Chief starts grabbing briskets off the pile and dunking them in seasoning. Then he shoves them into the cooker to roast for five hours—half the time it takes to smoke a brisket. “Everything you hear and read says you have to cook a brisket 10, 12 hours,” says Wootan. “We’re just the opposite. We cook it fast to sear in the juices.”

To see if the meat is done, I’m once again instructed to do it by feel. “You check briskets with a fork,” Oestreich says. “It’ll just slide right through them like butter.”

A few hours and several brisket samples into the day, I actually feel drunk off the heady aroma of smoked beef. Maybe I’m starting to drift into some kind of meat coma. Or maybe I’m just starting to lose my mind.

Day Four: Hell

courageUnderFire_article05.jpgThe weekend has arrived, and we gather for my final communal breakfast. Today it’s sirloin, rare, dipped in the restaurant’s signature sauce—a thin, tart tomato-and-vinegar potion that’s simmered over the coals in giant vats while excess fat from grilled sirloins is tossed inside to percolate.

I’m told the Saturday lunch crowd is monstrous—we’ll be serving about 1,000 people. While I’m eager to pitch in and man a pit, my friends at Cooper’s have a different task in mind: moving embers from the burn silos to the pits. They’ve saved the worst for last.

Coals are transported using an eight-foot-long metal pole with a wide shovel secured to the end. Holding the pole and trying to control the shovel is like trying to dial a phone with a sledgehammer. I grasp the staff at the halfway point for leverage, but that presents a whole new problem: My grip puts me just four feet from the embers. Five seconds in, my face feels like it’s actually melting Raiders of the Lost Ark–style and dripping down my cheeks. I rush to a bathroom mirror, sure I’ll see blisters bubbling up. But nothing. I look completely normal—if normal means soaked with sweat, covered in soot, and like I’m about to cry.

Barry Cooper, Terry’s brother who’d been out of town earlier in the week, comes over to check on my progress. As we chat, he gives voice to what—after four days of labor—I have come to decide is the true secret of America’s most hallowed barbecue halls. “I’ve got a neighbor with a smoker,” he begins. “He’s so proud of it, because by gosh, all you do is put on a little seasoning then come back four hours later and it’s done. But you know what? It’s the worst stuff you’ve ever tasted. It can’t be that easy. If it were, everyone would be doing it.”

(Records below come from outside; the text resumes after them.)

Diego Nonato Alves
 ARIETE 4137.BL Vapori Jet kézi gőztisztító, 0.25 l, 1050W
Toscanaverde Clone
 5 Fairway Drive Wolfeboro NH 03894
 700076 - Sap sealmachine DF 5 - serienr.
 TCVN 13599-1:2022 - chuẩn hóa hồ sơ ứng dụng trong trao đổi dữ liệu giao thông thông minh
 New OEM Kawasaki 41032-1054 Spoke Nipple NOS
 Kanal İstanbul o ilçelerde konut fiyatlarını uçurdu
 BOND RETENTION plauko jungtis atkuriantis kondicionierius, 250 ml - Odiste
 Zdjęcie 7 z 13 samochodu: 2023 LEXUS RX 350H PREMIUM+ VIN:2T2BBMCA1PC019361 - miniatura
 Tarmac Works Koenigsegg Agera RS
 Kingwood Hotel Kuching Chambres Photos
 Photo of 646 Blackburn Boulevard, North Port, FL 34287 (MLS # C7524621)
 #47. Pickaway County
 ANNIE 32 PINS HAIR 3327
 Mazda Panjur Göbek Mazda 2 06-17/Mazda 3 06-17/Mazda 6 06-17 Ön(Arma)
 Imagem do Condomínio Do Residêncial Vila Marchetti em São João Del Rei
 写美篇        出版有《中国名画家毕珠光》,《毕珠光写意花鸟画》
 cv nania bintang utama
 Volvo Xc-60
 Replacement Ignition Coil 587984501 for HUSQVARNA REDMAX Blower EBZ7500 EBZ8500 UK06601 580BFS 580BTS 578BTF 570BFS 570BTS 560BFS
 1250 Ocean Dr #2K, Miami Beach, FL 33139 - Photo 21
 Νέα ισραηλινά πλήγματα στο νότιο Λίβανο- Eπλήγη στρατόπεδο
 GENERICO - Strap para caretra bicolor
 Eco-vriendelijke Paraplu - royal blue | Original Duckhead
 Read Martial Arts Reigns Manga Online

Barbecue, as I’ve come to learn, is seasoned by sweat and discipline as much as by any dry rub. “It’s hard work,” Barry says. “It’s hot and cold. People do it for a while, then they get tired. They get sloppy. They get lazy. You’ve gotten a little taste of what it’s like behind the scenes here. Now think about doing that 363 days a year. There’s nothing easy about it.”

He’s right. After my shift I happily turn in my apron. I’ll enjoy barbecue for the rest of my life. But I never need to cook it again.